本発明の実施例1に係る包装用容器の平面図である。 同包装用容器の斜視図である。 同包装用容器の正面図である。 図1中の2−2線に沿って見た包装用容器の縦断面図である。 同包装用容器によって嵌合容器を構成し、この上に別の嵌合容器を重ねたときの正面図である。 二つの包装用容器を使用して形成した嵌合容器を示すもので、(イ)は図1中の1−1線に沿ってみた縦断面図、(ロ)は図1中の2−2線に沿ってみた縦断面図である。 二つの包装用容器を積み重ねた状態を示すもので、(イ)は図1中の2−2線に沿ってみた部分断面図、(ロ)は図1中の1−1線に沿ってみた部分断面図である。 本発明の実施例2に係る包装用容器の平面図である。 同包装用容器の斜視図である。 同包装用容器の部分拡大正面図である。 同包装用容器の一部を断面にした正面図である。 二つの包装用容器を積み重ねた状態を示すもので、(イ)は図1中の2−2線に沿ってみた部分断面図、(ロ)は図1中の1−1線に沿ってみた部分断面図である。 従来の技術を示す斜視図である。 図13に示したもの二つを互いに嵌合させたときの従来技術を示す斜視図である。
符号の説明
10 包装用容器
10A 包装用容器
10B 包装用容器
11 フランジ11
11a 凸条または凹条
12 フランジ凸部
12a 係合突条
13 フランジ凹部
13a 係合凹条
14 側壁
15 底面
15a 底面凸部
15b 底面凹部
16 指掛け

Claims (7)

  1. 開口を形成するフランジに対して部分的に突出する複数のフランジ凸部と、前記フランジに対して部分的に凹むとともに、前記各フランジ凸部をそれぞれ嵌合し得る複数のフランジ凹部とを形成した包装用容器であって、
    記各フランジ凸部の少なくとも一部に係合突条を形成するとともに、前記各フランジ凹部の少なくとも一部に、前記各係合突条に係合し得る係合凹条を形成したことを特徴とする包装用容器。
  2. 前記フランジを多角形状のものにするとともに、このフランジの各辺を形成する部分に前記フランジ凸部及びフランジ凹部を形成したことを特徴とする請求項1に記載の包装用容器。
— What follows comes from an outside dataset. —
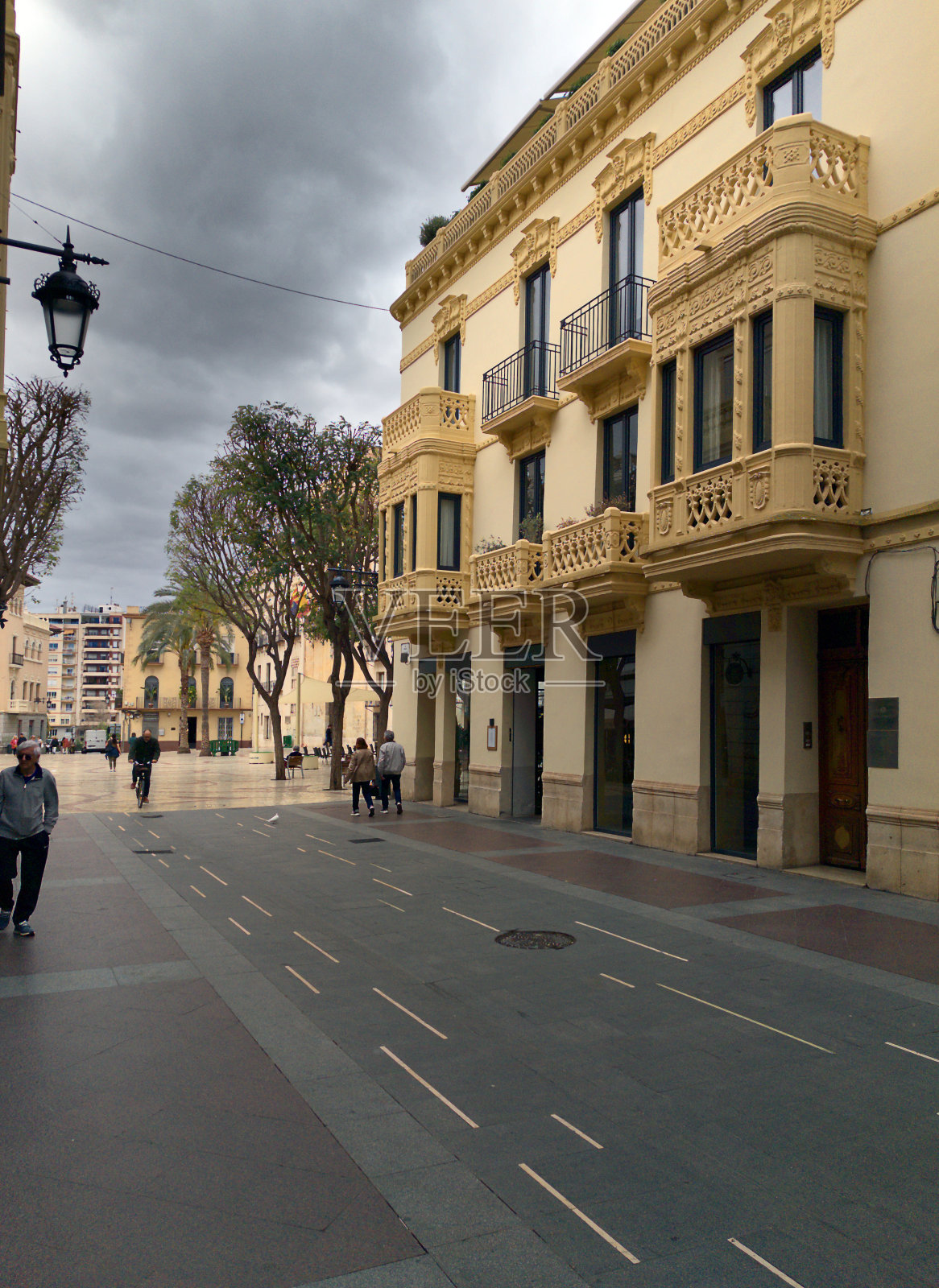西班牙埃尔切市的中央街道。照片摄影图片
  3. 前記フランジを多角形状のものにするとともに、このフランジの各角部に前記フランジ凸部及びフランジ凹部を折れ曲がったものとして形成したことを特徴とする請求項1に記載の包装用容器。
  4. 前記フランジに凸条または凹条を形成したことを特徴とする請求項1〜請求項3のいずれかに記載の包装用容器。
  5. 前記包装用容器の底面に、当該底面から外方に突出する底面凸部を形成したことを特徴とする請求項1〜請求項4のいずれかに記載の包装用容器。
  6. 前記底面に、当該底面から内方に凹むとともに、他の包装用容器の底面凸部と重なる底面凹部を形成したことを特徴とする請求項5に記載の包装用容器。
  7. 前記フランジ凸部の下側に前記底面凹部を形成するとともに、前記フランジ凹部の下側に前記底面凸部を形成したことを特徴とする請求項6に記載の包装用容器。